[SOLVED] Missing chunks, how to fix - update atime failed for chunk - ENOENT: No such file or directory

grin

Renowned Member
Dec 8, 2008
172
21
83
Hungary
grin.hu
Code:
2020-08-25T10:21:57+02:00: WARN: warning: unable to access chunk xx, required by "/mnt/datastore/pub/ct/666/2020-08-21T02:33:47Z/root.pxar.didx" - update atime failed for chunk "/mnt/datastore/pub/.chunks/fa39/xxx" - ENOENT: No such file or directory

This have been killing GC (which is fixed in 0.8.11-1, https://forum.proxmox.com/threads/gc-failed-with-task-error.73573/#post-333661), but even now when GC is able to run it doesn't (and possibly cannot) clean this mess up.

First: there is no known problem: the files were stored on local filesystem, lvm+xfs, and there is no known problem of basically anything related to hw or the fs. The files are just not there and I know no reasons for that. (Most of the backups are fine.)

The files are all seem to be related to one specific CT which is pretty big: its backup takes more than 20 hours, and therefore (especially in the first few cases) may have been interrupted (through the UI), but were not force killed or otherwise violated.

There are more than 140000 chunks missing. I do not really *need* those backups *now* but let us just suppose that I would, at least I would like to
  1. salvage all the data which is still alive
  2. get rid of the error messages (and the related 150MB+ sized logfiles every day)
  3. make future backups work without error and missing chunks, since it seems that *every future backup are broken as well*
I am also open to find out where the files are gone, but I have no starting point.
 
Hi,

can you please provide some additional information, as we'd really want to solve any such issue, but we cannot yet really reproduce this here.

* what disks are used for the LVM? are they healthy?
* how big is the CT (rough estimate)
* what big files are in there, or are there just so many small ones?
* Can you see if the following command posts any output:
Bash:
find /PATH/TO/DATASTORE -type d -not -user backup
(it should not output anything)
* Further, do you frequently run GC or verifies?
* Did the missing chunks got already mentioned in the first GC or Verify run log, or did they start to appear only later on? (e.g., after an update?)

And most important: Do new backups also have (immediately) issues if you trigger a verification on that single snapshot?
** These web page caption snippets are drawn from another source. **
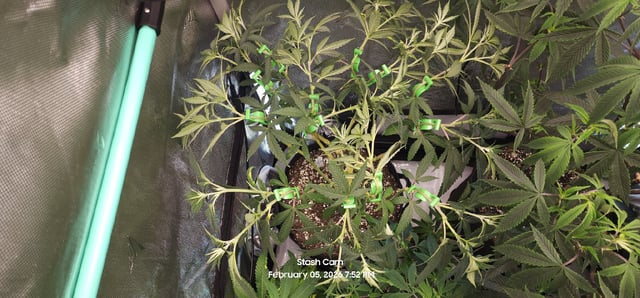 Ohio Lemon G — vegetative, day 1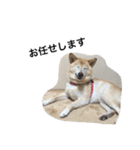 柴犬の日常！1（個別スタンプ：11）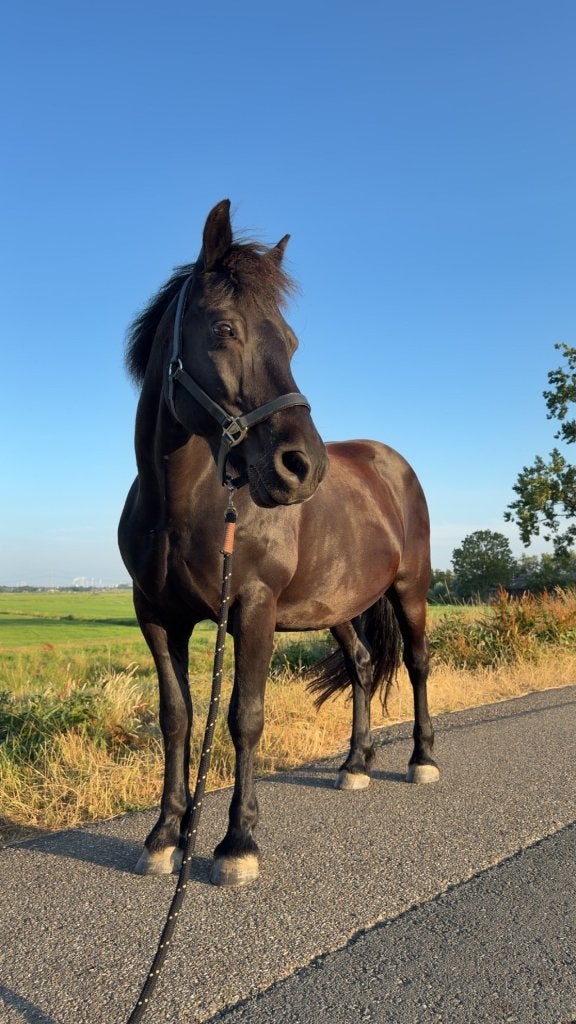 Verzorg pony, Ophalen of Verzenden, Nieuw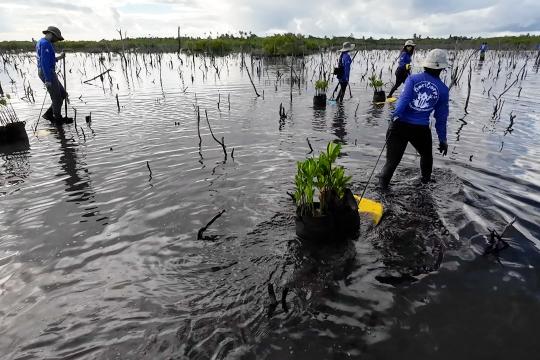 Several people in blue long-sleeve BoriCorps shirts and sunhats wade through shallow water, dragging mangrove plants.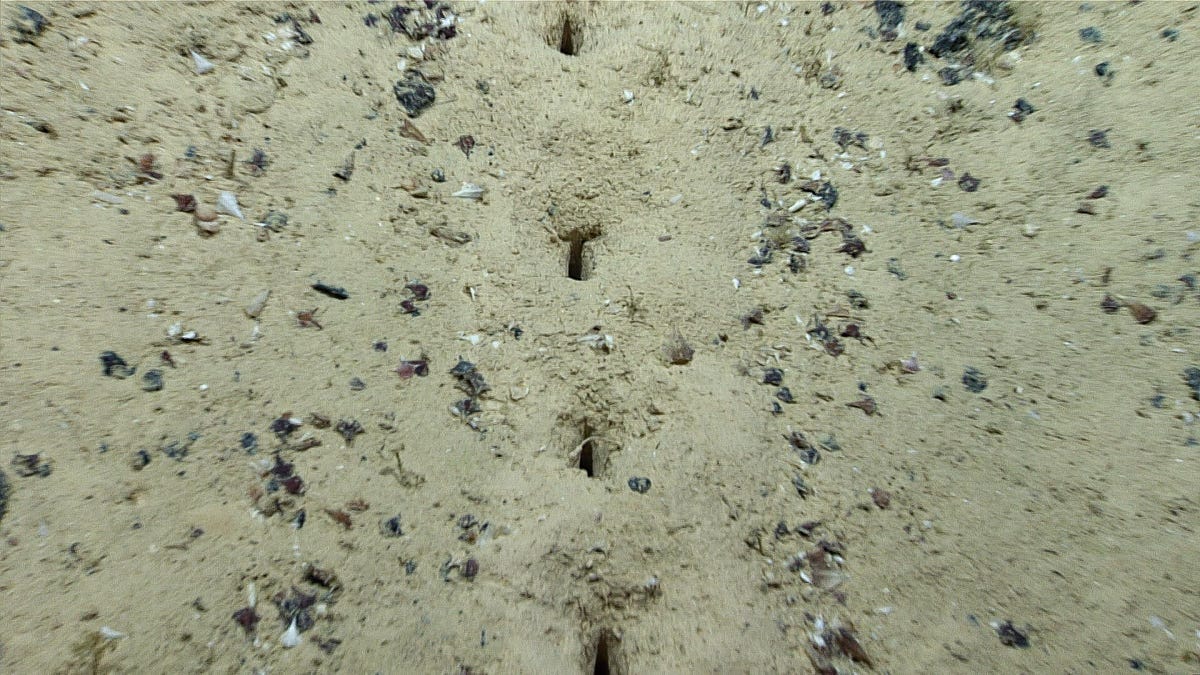 Close up look showing elongated, linear holes in the sandy Atlantic seafloor.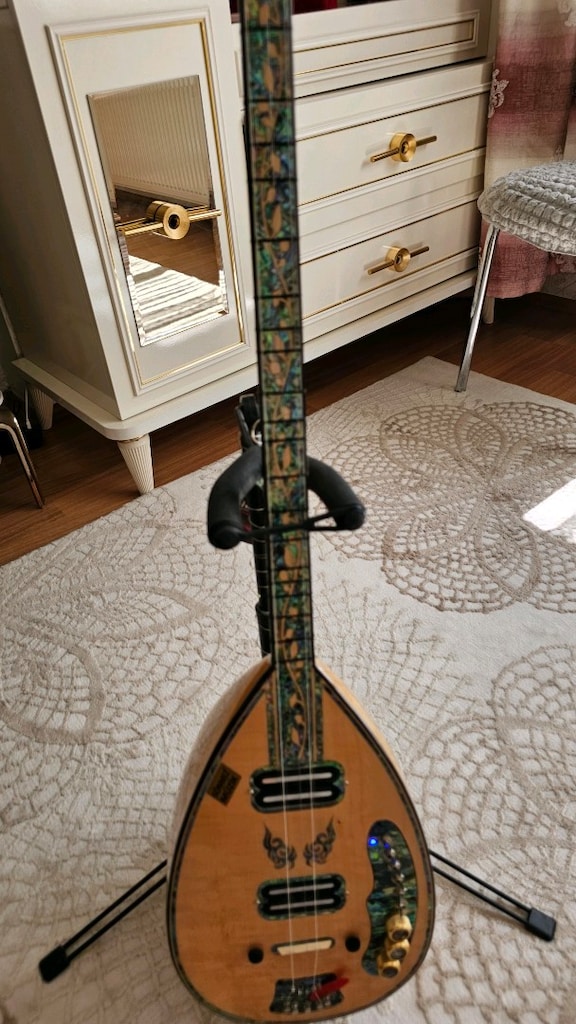 prof. elektro saz - 3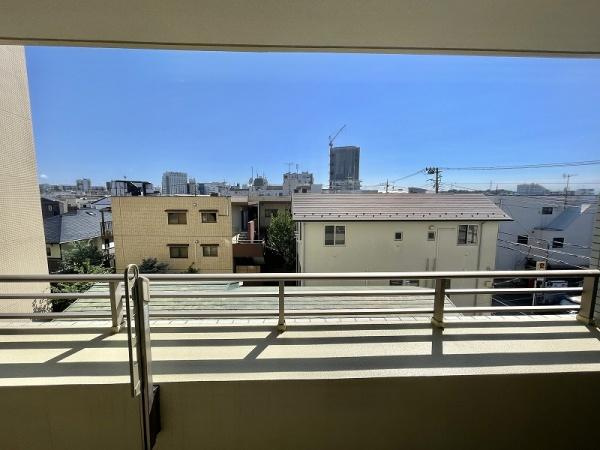 パークホームズ二子多摩川フェアアリーナの展望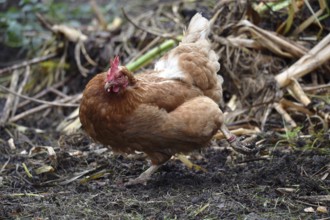 Domestic chicken, (Gallus gallus domesticus) Chicken, hen foraging in a free-range enclosure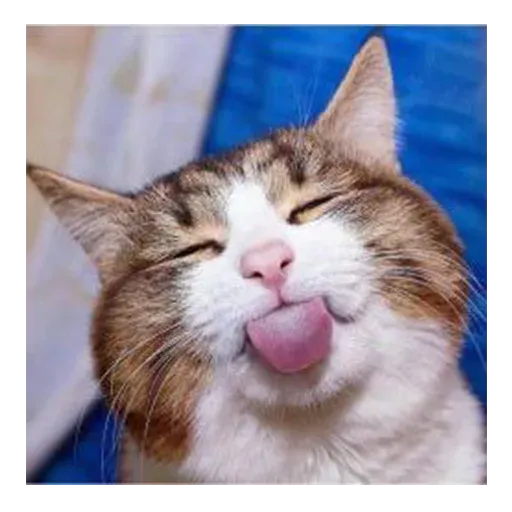 Cute catto - Sticker 27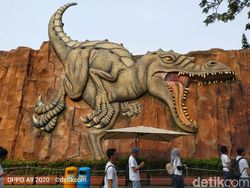 Hasil Jepretan Kamera Oppo A9 2020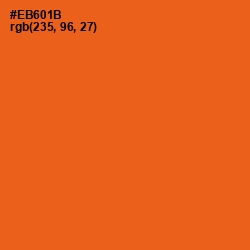 #EB601B - Orange Color Image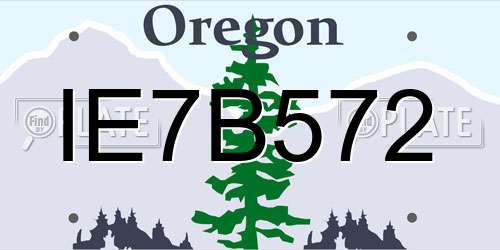 IE7B572 Oregon License Plate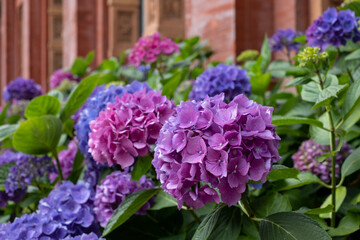 Stunning pink, blue and purple hydrangeas, photographed in the John Madejski Garden courtyard at...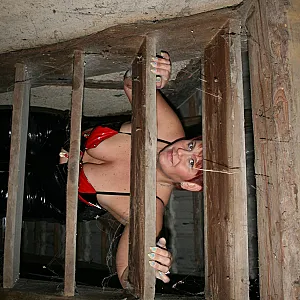 Domina in the attic gallery image
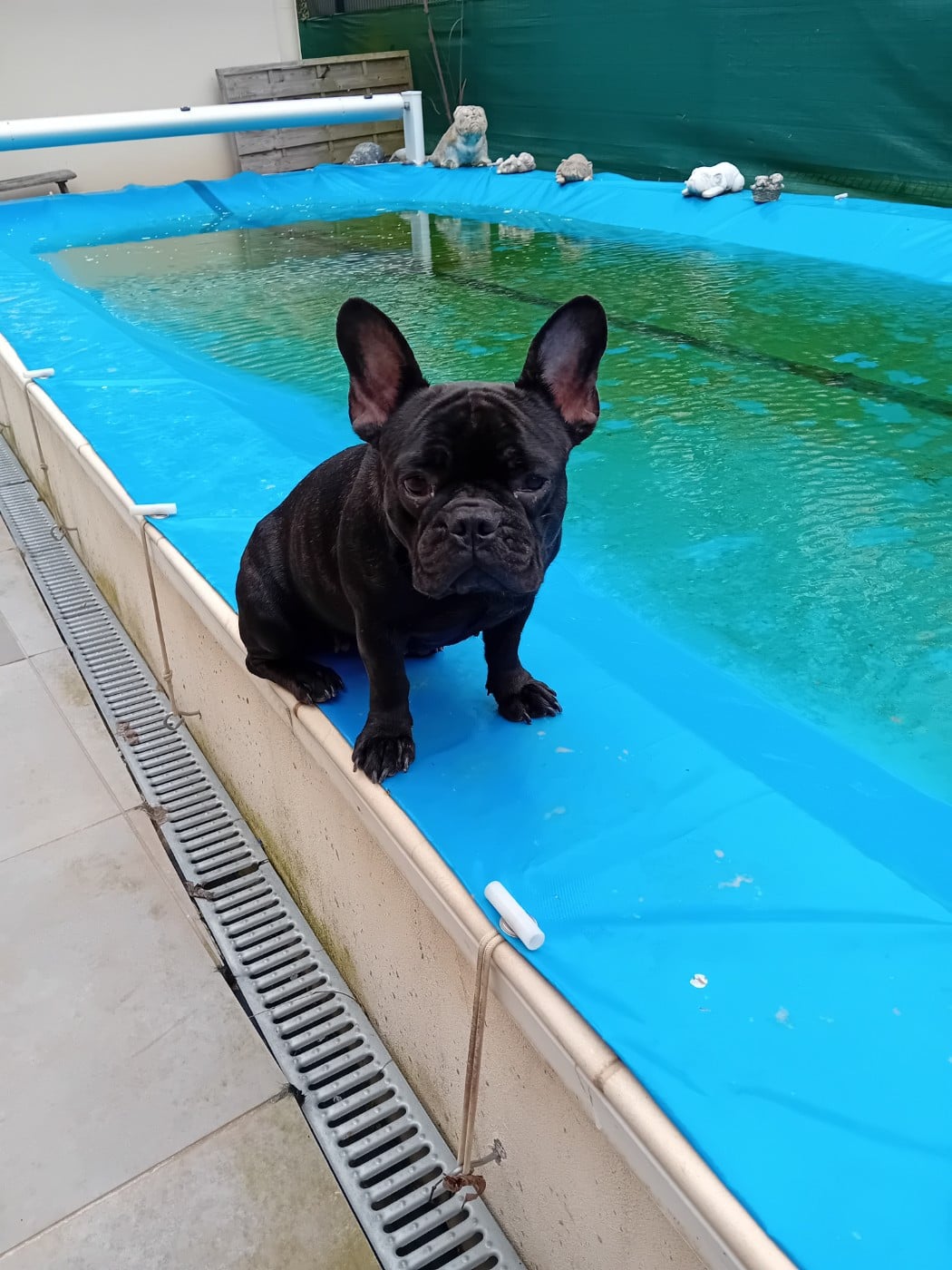 Publication : des Jardins de Sable 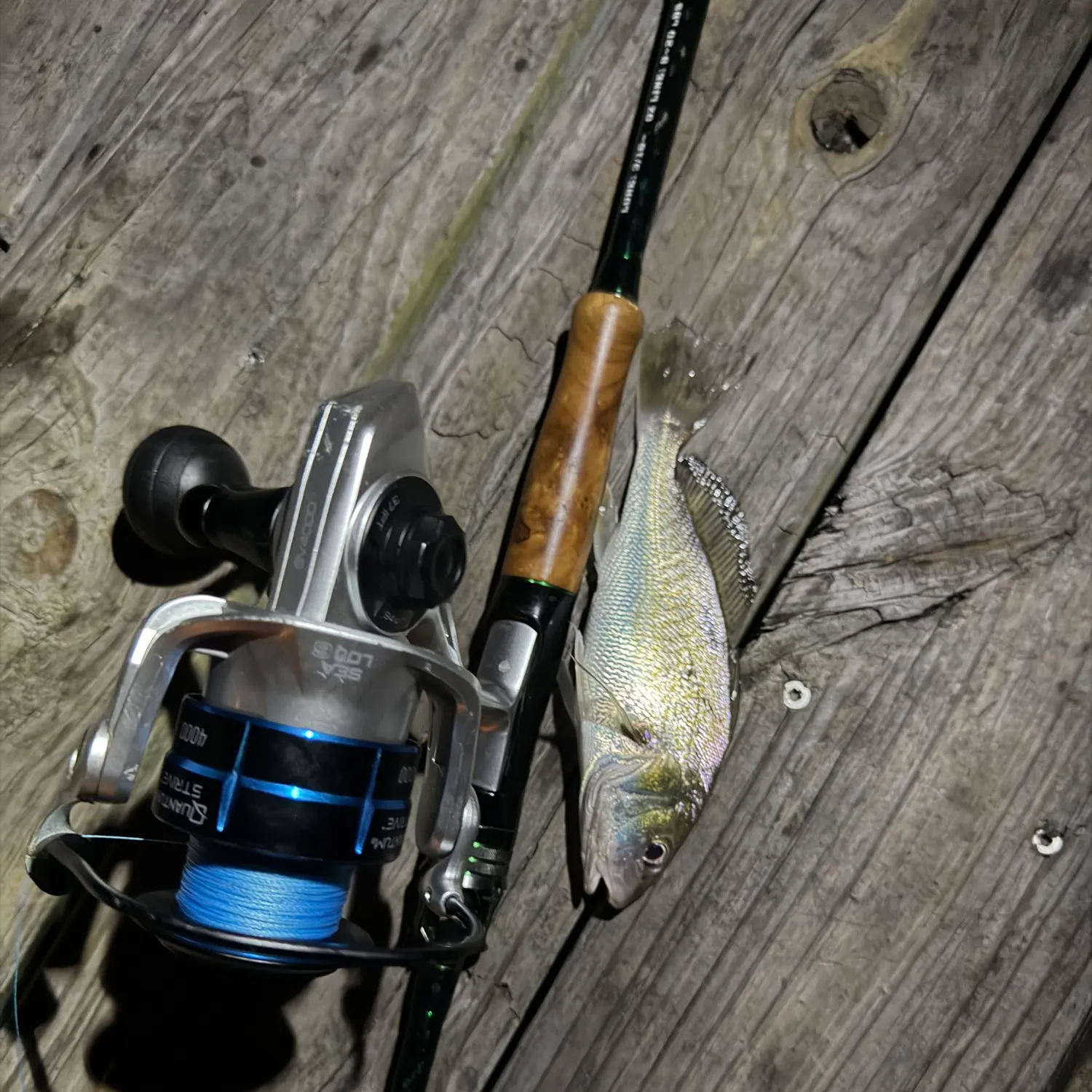 Atlantic croaker caught on Fishbrain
The sole point where we actively remove chunks is Garbage Collection, so it would have been an issue with that.
But as it's rather simple made it could also be an issue with the underlying XFS+LVM and its atime behavior (just guessing).

I'll see if I can try to create a roughly similar setup and cause such issues with that one.
 
* what disks are used for the LVM? are they healthy?​

Dell PERC 740p hardware RAID-6 array, 2 PVs, 1 VG/LV, 18TB in size. Everyone's healthy and happy.

* how big is the CT (rough estimate)​

1.81 TB, give or take a few gigs.

* what big files are in there, or are there just so many small ones?​

It is mainly a mailserver, with maildir++ files, a few dozen millions of them, size ranges from a kilobyte up to dozens of megabytes.

* Can you see if the following command posts any output:
Bash:
find /PATH/TO/DATASTORE -type d -not -user backup
(it should not output anything)​

All files are owned by backup.

* Further, do you frequently run GC or verifies?​

Daily, but this is a fairly new install (a week or so old) so I believe GC was never able to run (due to the bug before v...11), and since it can (a few days ago) it runs daily and reports the errors. Verifies were only ran manually and very occasionally.

* Did the missing chunks got already mentioned in the first GC or Verify run log, or did they start to appear only later on? (e.g., after an update?)​

This is a tough question since the logs seem to be scattered all over the directories and files.... I'll try to trace it back unless the logs were deleted.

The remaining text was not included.